Work required:
Stop at the line containing "773 a cell phone": write out every line from the beginning of the entries up to and including it, minus the pictures.

[Image-caption web data]
· · · · ·
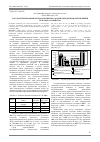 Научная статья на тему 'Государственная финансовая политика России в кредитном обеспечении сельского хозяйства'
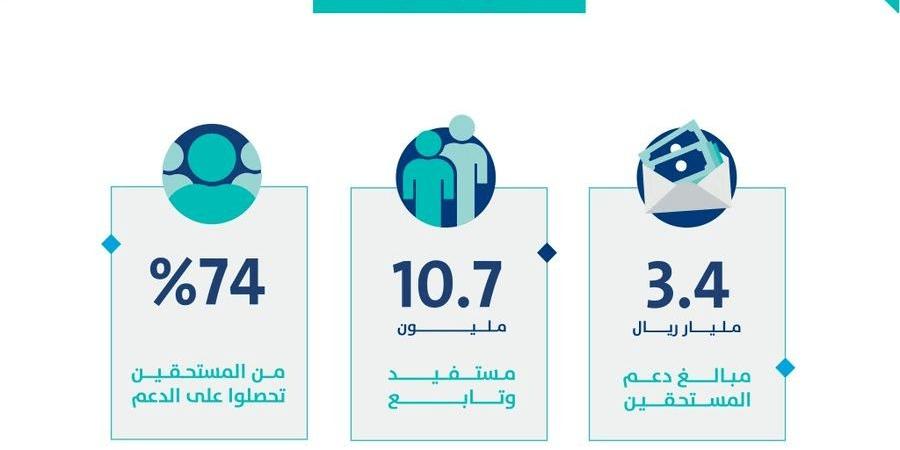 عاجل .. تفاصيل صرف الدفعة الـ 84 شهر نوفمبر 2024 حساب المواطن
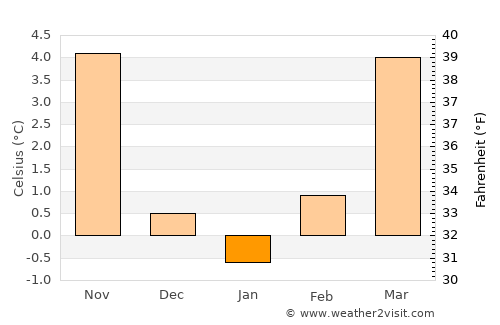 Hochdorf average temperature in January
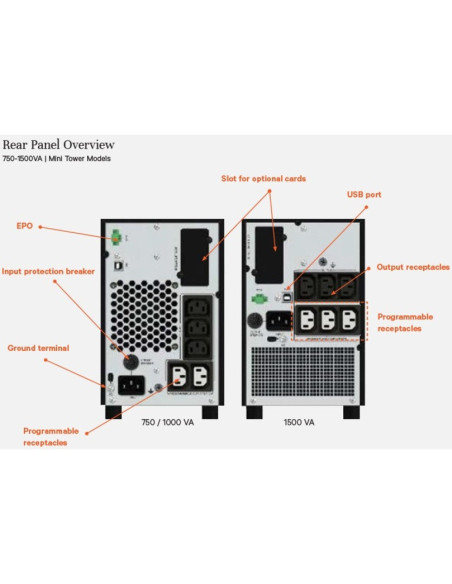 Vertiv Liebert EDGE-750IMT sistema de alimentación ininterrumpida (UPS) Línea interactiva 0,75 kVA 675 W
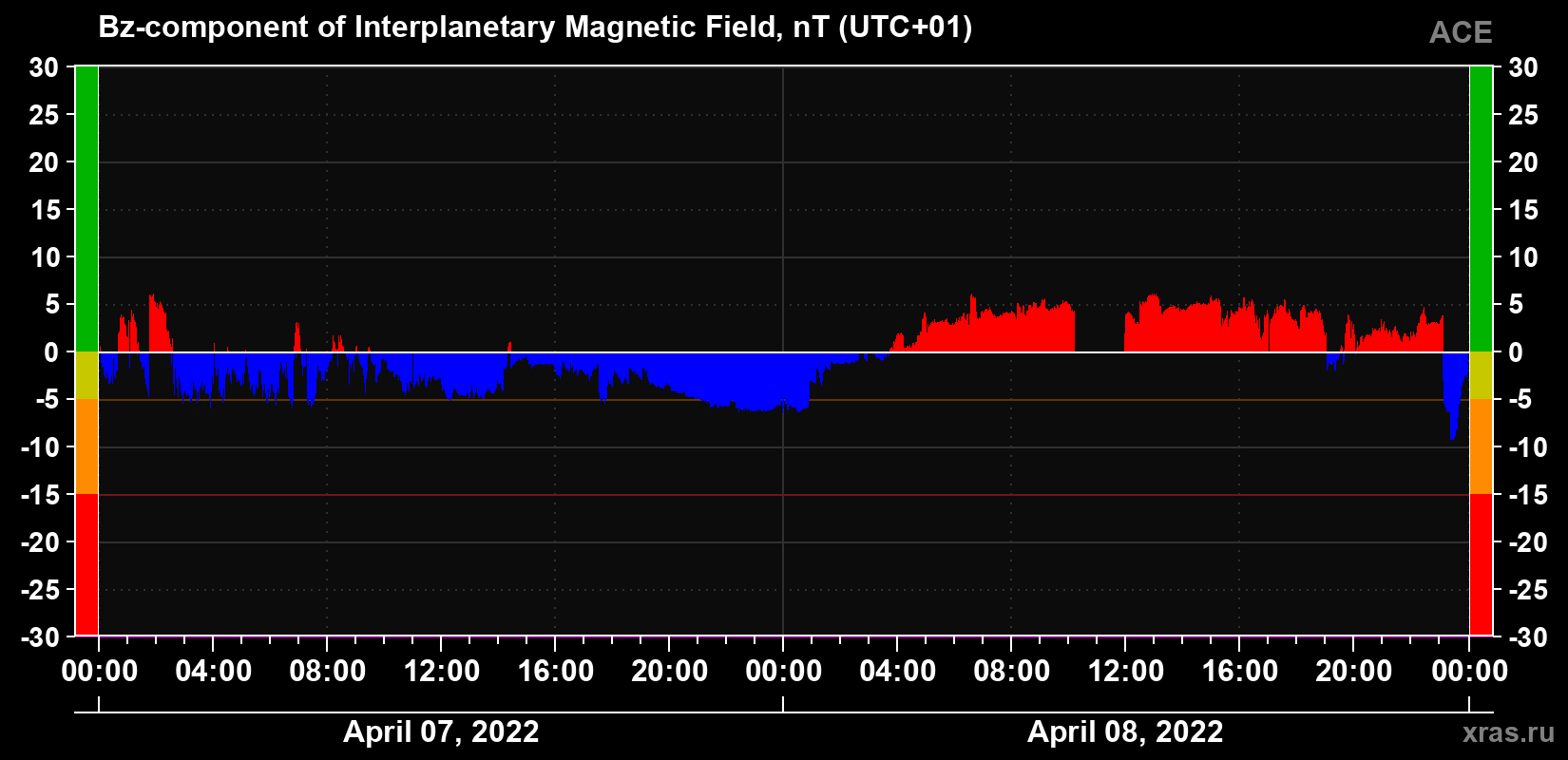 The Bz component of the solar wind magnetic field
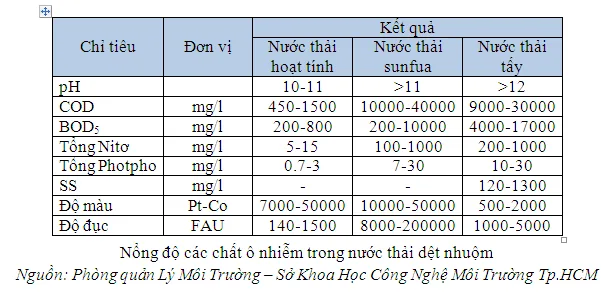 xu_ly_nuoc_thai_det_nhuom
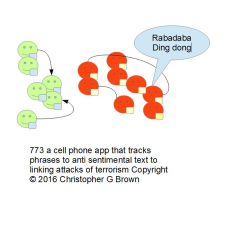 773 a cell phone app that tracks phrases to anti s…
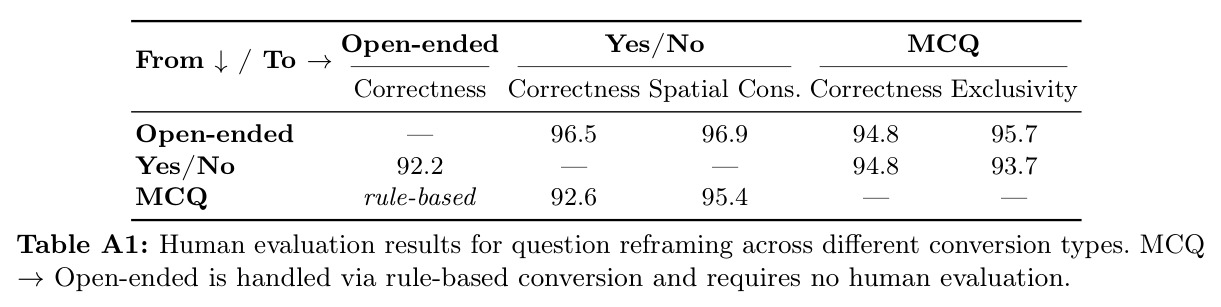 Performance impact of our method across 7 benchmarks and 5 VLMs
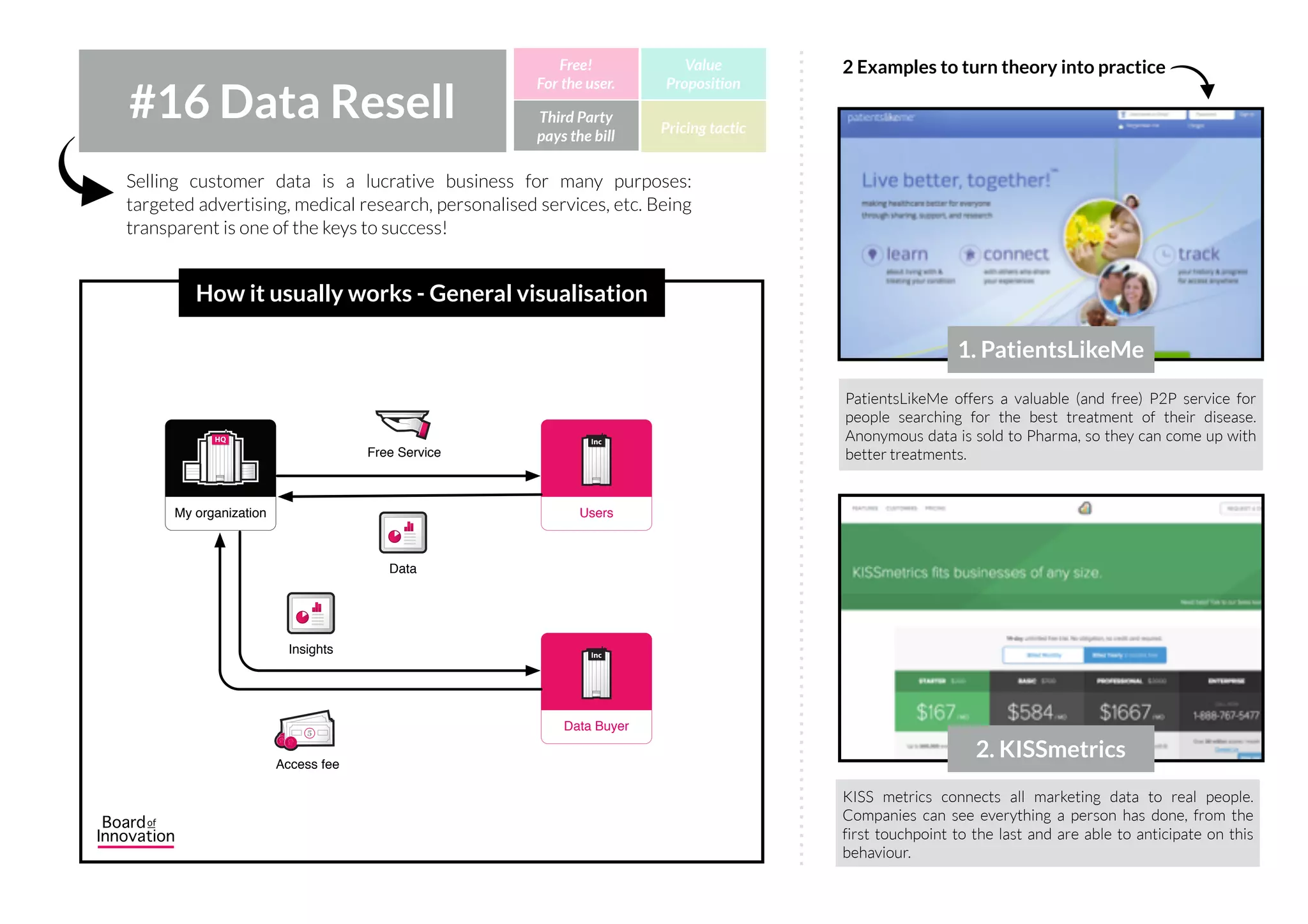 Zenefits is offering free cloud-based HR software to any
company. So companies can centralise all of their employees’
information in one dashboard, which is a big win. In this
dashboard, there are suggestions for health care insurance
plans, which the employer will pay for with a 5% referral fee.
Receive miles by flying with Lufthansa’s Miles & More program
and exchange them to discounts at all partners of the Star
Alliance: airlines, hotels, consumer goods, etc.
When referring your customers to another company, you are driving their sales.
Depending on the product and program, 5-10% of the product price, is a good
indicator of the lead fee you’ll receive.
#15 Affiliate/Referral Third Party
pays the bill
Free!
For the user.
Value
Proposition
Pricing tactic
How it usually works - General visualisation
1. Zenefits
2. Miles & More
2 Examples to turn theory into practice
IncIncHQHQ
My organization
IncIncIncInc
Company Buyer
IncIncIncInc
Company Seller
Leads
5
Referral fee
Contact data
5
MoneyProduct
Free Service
· · · · ·
Result:
 Научная статья на тему 'Государственная финансовая политика России в кредитном обеспечении сельского хозяйства'
 عاجل .. تفاصيل صرف الدفعة الـ 84 شهر نوفمبر 2024 حساب المواطن
 Hochdorf average temperature in January
 Vertiv Liebert EDGE-750IMT sistema de alimentación ininterrumpida (UPS) Línea interactiva 0,75 kVA 675 W
 The Bz component of the solar wind magnetic field
 xu_ly_nuoc_thai_det_nhuom
 773 a cell phone app that tracks phrases to anti s…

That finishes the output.